Ayant étudié les fondements de l’intelligence artificielle aux côtés de Yoshua Bengio, une figure de proue de la recherche dans le domaine à Montréal, M. Audry voit plusieurs avantages à utiliser l’apprentissage profond pour la création artistique.

Par exemple, l’artiste a une tâche de programmation et de paramétrage moins importante qu’autrefois. Selon Sofian Audry, un système informatique a maintenant seulement besoin d’être alimenté en données — un style à imiter, un accord à utiliser, un motif à répéter — pour se programmer par lui-même. « L’autre aspect qui est vraiment important, c’est que ça change la façon de créer parce qu’on est dans une optique de collaboration avec une entité qui peut nous proposer des choses auxquelles on n’aurait pas pensées », souligne l’artiste.

Également détenteur d’un doctorat interdisciplinaire en arts et lettres de l’Université Concordia, Sofian Audry précise que la capacité d’avoir des systèmes quasi autonomes capables de « collaborer avec l’artiste » ne date pas d’hier. « En ce moment, je dirais qu’il y a un surgissement de l’intérêt pour l’intelligence artificielle », ajoute-t-il.

Cause ou conséquence de cet intérêt renouvelé, la recherche en apprentissage profond à Montréal est en pleine effervescence. Dans les deux dernières années, des géants de l’industrie informatique tels que Google, Facebook, Microsoft et Samsung ont financé l’ouverture de dizaines de laboratoires dans la métropole. De nombreux entrepreneurs leur ont d’ailleurs emboîté le pas.

Mise à jour tardive

Le professeur en arts visuels à l’UQAM Alexandre Castonguay voit cet engouement d’un œil critique. Il craint que l’intelligence artificielle subisse le sort réservé à l’interactivité il y a près de vingt ans ou, plus récemment, à la réalité virtuelle, une technologie en perte de vitesse. Ayant également travaillé avec l’apprentissage profond, M. Castonguay soutient que le développement artistique suit des effets de mode et « est à la remorque » du développement technoscientifique.
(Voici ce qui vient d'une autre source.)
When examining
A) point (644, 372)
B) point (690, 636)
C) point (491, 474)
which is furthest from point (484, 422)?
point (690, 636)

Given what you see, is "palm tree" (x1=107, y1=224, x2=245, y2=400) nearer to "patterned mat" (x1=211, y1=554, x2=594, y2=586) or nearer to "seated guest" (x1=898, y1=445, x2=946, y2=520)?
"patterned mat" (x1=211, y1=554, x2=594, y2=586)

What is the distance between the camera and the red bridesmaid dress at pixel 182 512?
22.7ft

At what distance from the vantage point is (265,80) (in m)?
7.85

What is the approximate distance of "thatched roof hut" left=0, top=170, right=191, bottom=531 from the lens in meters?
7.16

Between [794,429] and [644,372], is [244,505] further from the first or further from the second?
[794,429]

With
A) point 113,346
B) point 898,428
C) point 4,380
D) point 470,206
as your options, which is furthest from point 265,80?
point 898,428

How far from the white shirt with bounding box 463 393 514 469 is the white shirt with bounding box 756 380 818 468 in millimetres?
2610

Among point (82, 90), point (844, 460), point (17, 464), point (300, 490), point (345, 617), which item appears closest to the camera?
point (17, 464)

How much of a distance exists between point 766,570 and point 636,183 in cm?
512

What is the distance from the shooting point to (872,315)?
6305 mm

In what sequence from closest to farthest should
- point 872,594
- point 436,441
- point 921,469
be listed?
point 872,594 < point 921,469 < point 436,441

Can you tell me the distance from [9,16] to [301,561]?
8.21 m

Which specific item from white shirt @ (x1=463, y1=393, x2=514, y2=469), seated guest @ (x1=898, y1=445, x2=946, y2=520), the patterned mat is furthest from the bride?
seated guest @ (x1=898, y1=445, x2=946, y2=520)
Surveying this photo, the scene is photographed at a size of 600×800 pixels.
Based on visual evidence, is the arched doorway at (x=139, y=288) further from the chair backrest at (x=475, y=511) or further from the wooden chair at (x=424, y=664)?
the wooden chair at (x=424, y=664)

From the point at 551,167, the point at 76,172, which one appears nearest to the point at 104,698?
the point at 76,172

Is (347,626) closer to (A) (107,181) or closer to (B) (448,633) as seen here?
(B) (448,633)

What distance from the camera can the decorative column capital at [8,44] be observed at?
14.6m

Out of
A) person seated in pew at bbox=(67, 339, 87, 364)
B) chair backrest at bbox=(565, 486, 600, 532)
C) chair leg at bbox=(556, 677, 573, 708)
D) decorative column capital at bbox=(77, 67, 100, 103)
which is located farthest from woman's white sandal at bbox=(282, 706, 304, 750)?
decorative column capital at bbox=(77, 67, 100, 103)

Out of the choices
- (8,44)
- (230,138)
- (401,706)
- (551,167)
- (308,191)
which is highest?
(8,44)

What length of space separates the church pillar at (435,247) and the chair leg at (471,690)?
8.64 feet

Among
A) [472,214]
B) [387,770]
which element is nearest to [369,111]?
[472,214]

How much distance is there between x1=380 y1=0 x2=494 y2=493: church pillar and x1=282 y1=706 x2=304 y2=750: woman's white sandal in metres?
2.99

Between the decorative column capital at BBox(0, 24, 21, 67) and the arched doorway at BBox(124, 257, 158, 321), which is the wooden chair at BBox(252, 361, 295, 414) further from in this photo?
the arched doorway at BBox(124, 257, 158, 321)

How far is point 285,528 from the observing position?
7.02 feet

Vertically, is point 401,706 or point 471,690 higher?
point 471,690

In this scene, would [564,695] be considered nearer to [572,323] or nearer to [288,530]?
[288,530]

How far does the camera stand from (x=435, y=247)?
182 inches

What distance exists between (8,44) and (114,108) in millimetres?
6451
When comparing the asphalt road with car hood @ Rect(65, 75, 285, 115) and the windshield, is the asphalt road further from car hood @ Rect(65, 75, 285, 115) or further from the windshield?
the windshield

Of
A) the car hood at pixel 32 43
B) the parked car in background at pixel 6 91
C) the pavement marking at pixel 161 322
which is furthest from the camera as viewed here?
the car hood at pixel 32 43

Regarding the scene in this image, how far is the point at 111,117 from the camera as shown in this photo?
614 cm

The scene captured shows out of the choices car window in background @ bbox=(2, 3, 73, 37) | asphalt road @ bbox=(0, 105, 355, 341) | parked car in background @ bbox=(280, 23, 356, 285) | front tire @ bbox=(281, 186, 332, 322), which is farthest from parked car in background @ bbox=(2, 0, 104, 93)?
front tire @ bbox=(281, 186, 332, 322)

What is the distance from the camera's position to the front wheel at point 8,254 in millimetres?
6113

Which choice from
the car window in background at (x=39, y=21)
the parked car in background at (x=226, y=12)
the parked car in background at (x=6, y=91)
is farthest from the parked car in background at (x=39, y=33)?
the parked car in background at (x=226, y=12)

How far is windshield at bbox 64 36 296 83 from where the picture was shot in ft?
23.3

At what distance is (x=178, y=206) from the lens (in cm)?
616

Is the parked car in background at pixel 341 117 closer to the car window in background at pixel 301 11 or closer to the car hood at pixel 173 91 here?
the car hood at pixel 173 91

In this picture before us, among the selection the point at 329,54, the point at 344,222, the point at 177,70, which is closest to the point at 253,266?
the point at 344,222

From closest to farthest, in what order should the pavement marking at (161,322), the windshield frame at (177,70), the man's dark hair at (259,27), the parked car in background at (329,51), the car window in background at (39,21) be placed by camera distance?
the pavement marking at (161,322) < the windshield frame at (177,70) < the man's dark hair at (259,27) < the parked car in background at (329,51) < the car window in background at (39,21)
« ll n’y a rien de mal à être enthousiaste face à une nouvelle technologie, mais encore faut-il être capable de tirer des leçons du passé, prévient Alexandre Castonguay. De savoir comment on s’est approprié cette technologie-là comme artiste pour devenir des créateurs […] au lieu de partir dans l’hyperbole. »
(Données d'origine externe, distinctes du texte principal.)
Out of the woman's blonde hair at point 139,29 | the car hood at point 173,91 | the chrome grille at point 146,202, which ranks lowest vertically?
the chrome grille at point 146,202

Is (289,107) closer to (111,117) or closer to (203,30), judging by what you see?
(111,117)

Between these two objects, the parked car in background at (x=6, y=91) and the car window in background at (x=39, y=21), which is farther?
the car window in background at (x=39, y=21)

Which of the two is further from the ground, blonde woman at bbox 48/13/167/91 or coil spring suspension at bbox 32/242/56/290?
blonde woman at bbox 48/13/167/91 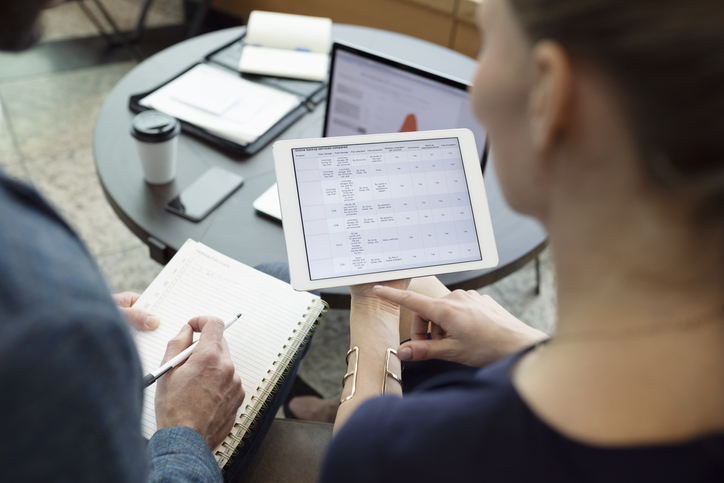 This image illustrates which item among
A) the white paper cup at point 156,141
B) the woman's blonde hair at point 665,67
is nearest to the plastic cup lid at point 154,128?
the white paper cup at point 156,141

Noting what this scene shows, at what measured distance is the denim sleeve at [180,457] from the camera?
0.72m

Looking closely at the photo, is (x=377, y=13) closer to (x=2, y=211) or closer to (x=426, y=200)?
(x=426, y=200)

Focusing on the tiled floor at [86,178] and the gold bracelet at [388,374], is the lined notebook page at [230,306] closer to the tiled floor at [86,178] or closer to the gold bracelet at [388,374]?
the gold bracelet at [388,374]

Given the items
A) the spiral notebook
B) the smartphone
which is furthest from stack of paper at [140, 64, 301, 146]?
the spiral notebook

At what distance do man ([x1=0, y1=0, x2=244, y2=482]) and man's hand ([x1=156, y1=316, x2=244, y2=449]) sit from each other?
11.2 inches

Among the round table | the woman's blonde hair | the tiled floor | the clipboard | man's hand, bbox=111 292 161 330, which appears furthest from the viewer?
the tiled floor

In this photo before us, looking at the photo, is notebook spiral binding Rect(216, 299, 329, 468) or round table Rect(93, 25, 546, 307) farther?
round table Rect(93, 25, 546, 307)

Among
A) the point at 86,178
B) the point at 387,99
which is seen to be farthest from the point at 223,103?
the point at 86,178

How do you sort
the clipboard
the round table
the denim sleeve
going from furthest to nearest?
the clipboard < the round table < the denim sleeve

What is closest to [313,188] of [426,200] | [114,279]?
[426,200]

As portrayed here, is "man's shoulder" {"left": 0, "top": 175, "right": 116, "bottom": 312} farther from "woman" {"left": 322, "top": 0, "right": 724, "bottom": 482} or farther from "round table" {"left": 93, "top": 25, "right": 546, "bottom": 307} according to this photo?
"round table" {"left": 93, "top": 25, "right": 546, "bottom": 307}

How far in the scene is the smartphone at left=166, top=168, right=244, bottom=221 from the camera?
47.4 inches

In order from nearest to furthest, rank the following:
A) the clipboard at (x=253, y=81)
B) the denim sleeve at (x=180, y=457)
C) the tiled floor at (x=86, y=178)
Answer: the denim sleeve at (x=180, y=457)
the clipboard at (x=253, y=81)
the tiled floor at (x=86, y=178)

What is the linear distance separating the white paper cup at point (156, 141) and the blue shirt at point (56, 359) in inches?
28.3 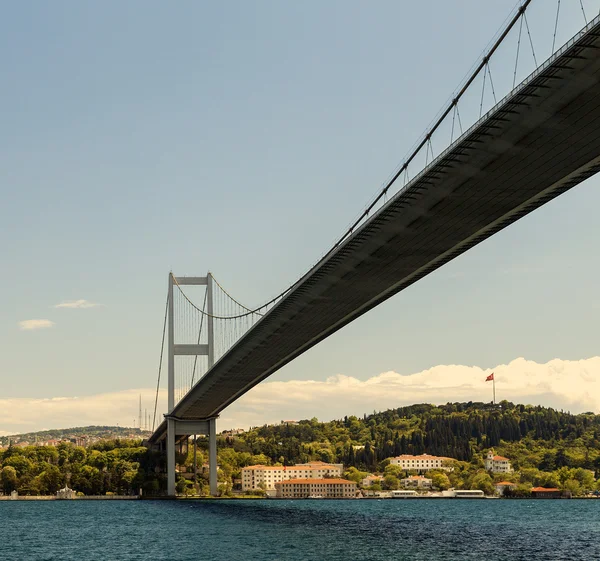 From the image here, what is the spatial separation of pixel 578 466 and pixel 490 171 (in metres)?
141

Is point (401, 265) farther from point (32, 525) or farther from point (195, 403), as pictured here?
point (195, 403)

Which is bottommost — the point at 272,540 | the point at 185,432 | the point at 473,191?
the point at 272,540

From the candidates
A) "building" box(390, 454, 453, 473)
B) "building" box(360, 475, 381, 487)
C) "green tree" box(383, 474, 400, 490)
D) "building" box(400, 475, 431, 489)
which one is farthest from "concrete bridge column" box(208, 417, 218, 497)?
"building" box(390, 454, 453, 473)

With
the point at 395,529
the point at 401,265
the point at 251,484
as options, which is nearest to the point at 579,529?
the point at 395,529

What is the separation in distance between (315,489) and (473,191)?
110m

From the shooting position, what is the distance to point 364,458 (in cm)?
17688

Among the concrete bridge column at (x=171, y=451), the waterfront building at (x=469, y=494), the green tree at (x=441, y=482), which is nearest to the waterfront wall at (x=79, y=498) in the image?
the concrete bridge column at (x=171, y=451)

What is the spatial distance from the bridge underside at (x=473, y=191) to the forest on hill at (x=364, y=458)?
54840 millimetres

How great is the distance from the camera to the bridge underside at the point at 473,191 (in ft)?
74.6

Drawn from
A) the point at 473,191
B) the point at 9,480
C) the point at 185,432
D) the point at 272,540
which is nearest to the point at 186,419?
the point at 185,432

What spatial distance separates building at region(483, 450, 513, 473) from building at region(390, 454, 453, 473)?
26.1 ft

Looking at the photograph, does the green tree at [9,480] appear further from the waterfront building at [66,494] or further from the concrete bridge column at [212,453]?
the concrete bridge column at [212,453]

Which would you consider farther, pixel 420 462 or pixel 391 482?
pixel 420 462

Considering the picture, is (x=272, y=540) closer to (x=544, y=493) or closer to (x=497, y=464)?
(x=544, y=493) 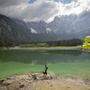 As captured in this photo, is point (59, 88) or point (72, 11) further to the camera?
point (72, 11)

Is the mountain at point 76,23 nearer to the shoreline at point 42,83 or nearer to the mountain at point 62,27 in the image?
the mountain at point 62,27

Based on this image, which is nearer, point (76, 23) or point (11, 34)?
point (76, 23)

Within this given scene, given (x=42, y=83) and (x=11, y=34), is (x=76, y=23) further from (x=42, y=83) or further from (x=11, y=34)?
(x=11, y=34)

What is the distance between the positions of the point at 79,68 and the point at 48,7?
184 cm

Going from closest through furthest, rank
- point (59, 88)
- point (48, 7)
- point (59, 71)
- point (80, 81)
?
point (59, 88) < point (80, 81) < point (59, 71) < point (48, 7)

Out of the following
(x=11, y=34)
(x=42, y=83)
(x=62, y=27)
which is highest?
(x=62, y=27)

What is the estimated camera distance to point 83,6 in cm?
801

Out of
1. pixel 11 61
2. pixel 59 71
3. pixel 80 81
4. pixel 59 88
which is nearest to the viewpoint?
pixel 59 88

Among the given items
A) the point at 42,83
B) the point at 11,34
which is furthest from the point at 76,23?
the point at 11,34

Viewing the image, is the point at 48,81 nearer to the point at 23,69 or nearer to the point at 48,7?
the point at 23,69

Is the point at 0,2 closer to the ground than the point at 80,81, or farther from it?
farther from it

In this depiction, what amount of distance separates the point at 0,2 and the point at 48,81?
129 inches

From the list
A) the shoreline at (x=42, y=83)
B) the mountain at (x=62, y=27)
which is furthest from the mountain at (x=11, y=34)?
the shoreline at (x=42, y=83)

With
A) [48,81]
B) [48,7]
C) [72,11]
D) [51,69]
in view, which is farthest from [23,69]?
[72,11] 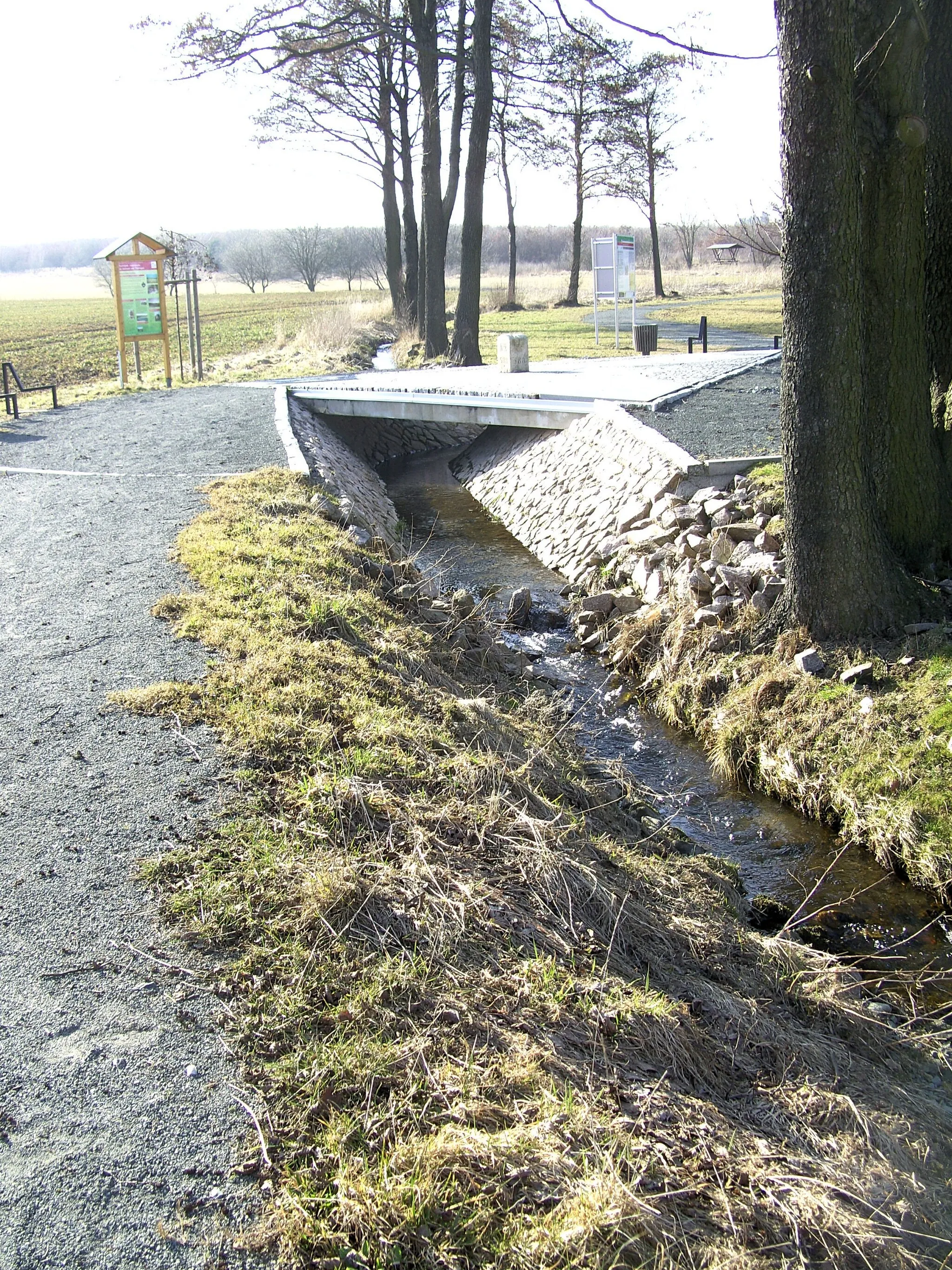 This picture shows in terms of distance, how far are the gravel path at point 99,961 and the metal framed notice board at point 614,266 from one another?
17.8 metres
La difficulté d’accès à des systèmes d’intelligence artificielle pourrait toutefois être un frein à l’appropriation de cette technologie par la communauté artistique. Sofian Audry déplore que « le bon équipement et les bonnes machines » pour exploiter efficacement l’apprentissage profond soient encore très coûteux.

Tant et aussi longtemps que seuls « quelques artistes dans des villes et des économies dites privilégiées vont avoir le luxe de l’essayer », l’utilisation de l’intelligence artificielle pour la création artistique ne pourra pas connaître  son plein essor, affirme Alexandre Castonguay.